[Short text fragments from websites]
= = = =

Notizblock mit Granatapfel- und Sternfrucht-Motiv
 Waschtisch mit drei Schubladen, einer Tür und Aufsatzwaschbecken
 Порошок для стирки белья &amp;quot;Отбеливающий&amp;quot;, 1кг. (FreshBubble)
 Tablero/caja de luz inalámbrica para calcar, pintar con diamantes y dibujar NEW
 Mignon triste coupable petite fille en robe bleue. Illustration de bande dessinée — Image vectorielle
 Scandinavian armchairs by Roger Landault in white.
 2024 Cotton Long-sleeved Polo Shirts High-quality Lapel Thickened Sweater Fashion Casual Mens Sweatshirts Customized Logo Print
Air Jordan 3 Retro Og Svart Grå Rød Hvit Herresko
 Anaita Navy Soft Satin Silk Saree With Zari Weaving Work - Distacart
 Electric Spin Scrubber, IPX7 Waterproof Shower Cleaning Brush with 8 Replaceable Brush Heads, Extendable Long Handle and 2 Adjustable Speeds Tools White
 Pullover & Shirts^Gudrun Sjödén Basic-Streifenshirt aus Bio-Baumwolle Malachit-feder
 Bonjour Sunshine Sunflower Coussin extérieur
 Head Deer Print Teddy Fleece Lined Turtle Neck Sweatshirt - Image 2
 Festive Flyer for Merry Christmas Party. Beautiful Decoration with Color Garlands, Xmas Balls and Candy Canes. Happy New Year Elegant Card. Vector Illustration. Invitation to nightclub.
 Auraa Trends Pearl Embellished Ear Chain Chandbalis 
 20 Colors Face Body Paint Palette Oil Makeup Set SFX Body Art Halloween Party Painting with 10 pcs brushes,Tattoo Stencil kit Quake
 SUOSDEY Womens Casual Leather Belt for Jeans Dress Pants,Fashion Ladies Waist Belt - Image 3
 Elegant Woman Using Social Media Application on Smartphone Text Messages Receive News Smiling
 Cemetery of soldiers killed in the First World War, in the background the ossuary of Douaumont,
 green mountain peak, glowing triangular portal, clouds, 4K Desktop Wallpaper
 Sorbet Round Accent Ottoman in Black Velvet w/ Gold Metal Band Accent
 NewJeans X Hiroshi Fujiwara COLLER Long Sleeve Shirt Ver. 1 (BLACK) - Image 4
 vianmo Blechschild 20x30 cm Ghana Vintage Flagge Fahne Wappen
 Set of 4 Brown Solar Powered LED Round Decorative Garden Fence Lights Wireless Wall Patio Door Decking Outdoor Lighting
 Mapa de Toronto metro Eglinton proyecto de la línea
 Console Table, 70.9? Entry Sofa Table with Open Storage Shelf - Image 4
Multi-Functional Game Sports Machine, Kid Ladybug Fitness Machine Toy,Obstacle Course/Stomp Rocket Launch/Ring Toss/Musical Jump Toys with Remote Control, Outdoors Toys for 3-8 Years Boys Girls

= = = =

DIRECTIONS
Looking at the data above, write out exactly the lines that start at the one containing "Tablero/caja de luz" and end at the one containing "Air Jordan 3"; include both and nothing beyond.

SOLVED PROBLEM
 Tablero/caja de luz inalámbrica para calcar, pintar con diamantes y dibujar NEW
 Mignon triste coupable petite fille en robe bleue. Illustration de bande dessinée — Image vectorielle
 Scandinavian armchairs by Roger Landault in white.
 2024 Cotton Long-sleeved Polo Shirts High-quality Lapel Thickened Sweater Fashion Casual Mens Sweatshirts Customized Logo Print
Air Jordan 3 Retro Og Svart Grå Rød Hvit Herresko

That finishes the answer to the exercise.